Using the data that follows, give again word for word the lines between the one holding "2014 Dodge Challenger" and the one holding "Профессиональный фен стайлер", inclusive. Omit the pictures.

**Data under study:**
+ + +
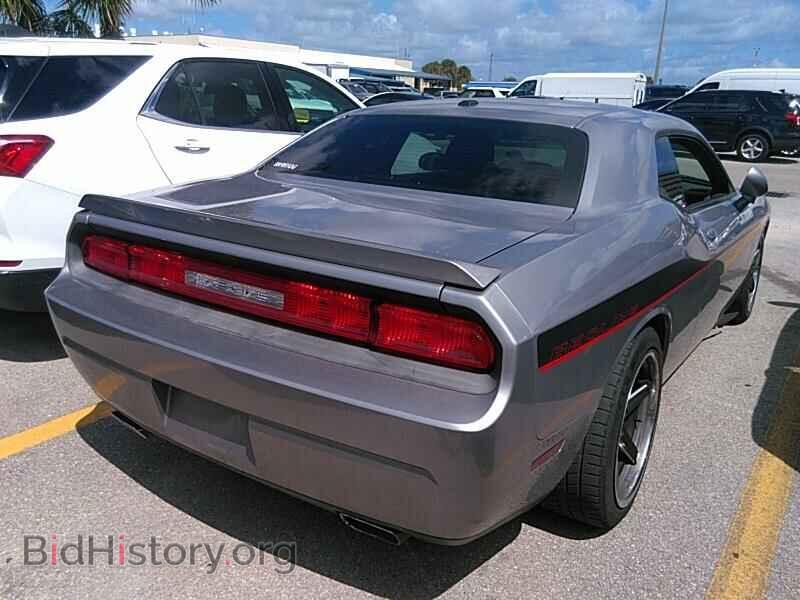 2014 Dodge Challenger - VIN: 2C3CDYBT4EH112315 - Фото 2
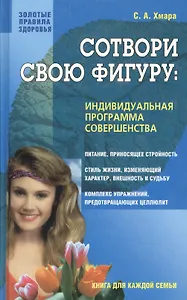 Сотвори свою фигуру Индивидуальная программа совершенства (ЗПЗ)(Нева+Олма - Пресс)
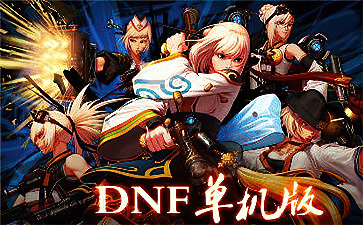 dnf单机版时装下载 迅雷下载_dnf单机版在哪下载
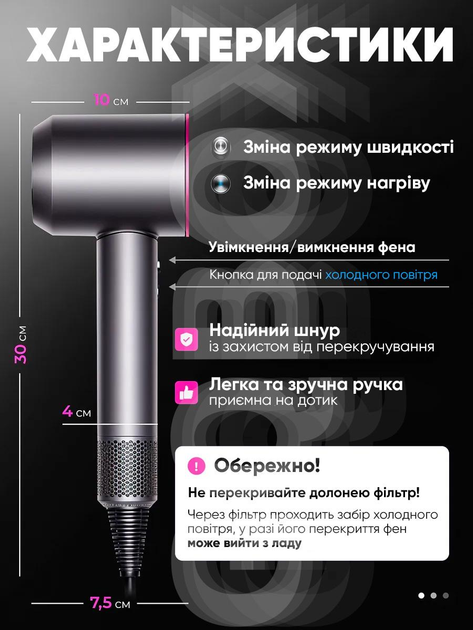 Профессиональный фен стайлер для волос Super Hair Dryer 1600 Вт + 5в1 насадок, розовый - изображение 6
+ + +
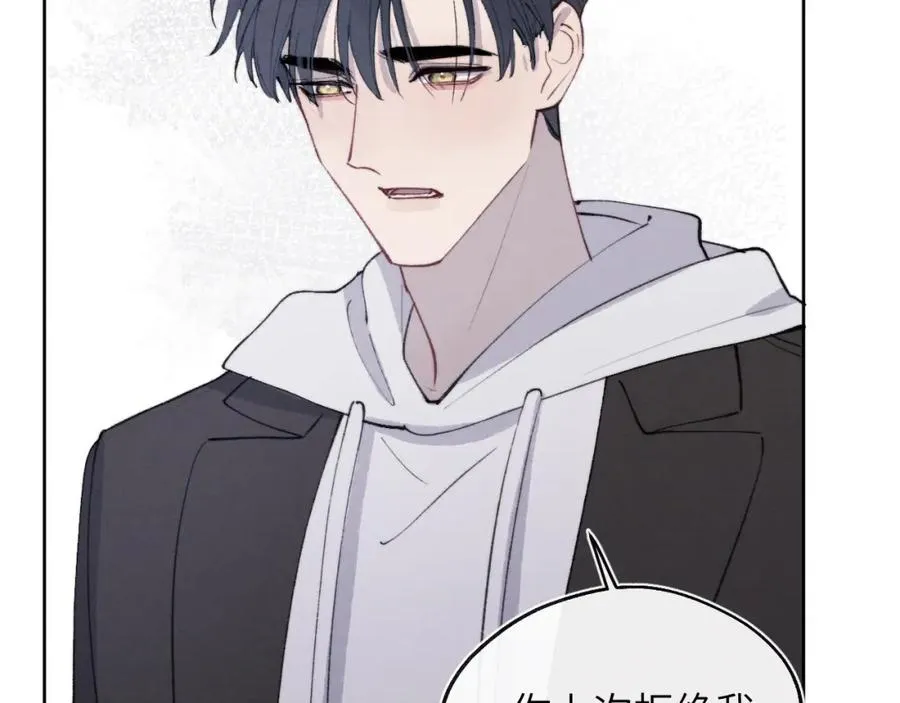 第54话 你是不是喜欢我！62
+ + +
**Expected answer:**
 2014 Dodge Challenger - VIN: 2C3CDYBT4EH112315 - Фото 2
 Сотвори свою фигуру Индивидуальная программа совершенства (ЗПЗ)(Нева+Олма - Пресс)
 dnf单机版时装下载 迅雷下载_dnf单机版在哪下载
 Профессиональный фен стайлер для волос Super Hair Dryer 1600 Вт + 5в1 насадок, розовый - изображение 6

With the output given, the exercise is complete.